Democratic presidential candidate Bernie Sanders, who on Tuesday endorsed presumptive nominee Hillary Clinton, had proposed a federally-administered single payer plan.
Obama proposes a less revolutionary option, calling for a public plan in areas where there are few other options for coverage.
Eighty-eight percent of marketplace enrollees live in counties with at least three issuers, Obama said, in his recommendations for building upon the Affordable Care Act.

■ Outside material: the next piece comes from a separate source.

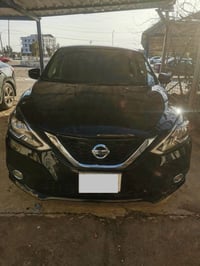 سنترا SR • ٢٠١٨ • رقم اربيل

But 12 percent of enrollees live in areas with only one or two issuers, he said.
The public option would strengthen the marketplace, give consumers more affordable options and create savings for the federal government, said Obama, who previously proposed such a plan for the ACA.
The public plan did not make it into final legislation for the ACA.
"Now, based on experience with the ACA, I think Congress should revisit a public plan to compete alongside private insurers in areas of the country where competition is limited," he said.
On the high price of drugs, the president said Congress should act on proposals included in the 2017 budget to increase transparency around manufacturers' production and development costs, increase the rebates manufacturers are required to pay for drugs prescribed to certain Medicaid and Medicare beneficiaries, and give the federal government authority to negotiate prices for some high-priced drugs.
He recommended Congressional action to increase financial assistance for middle-class families who have healthcare coverage but who are struggling with premiums.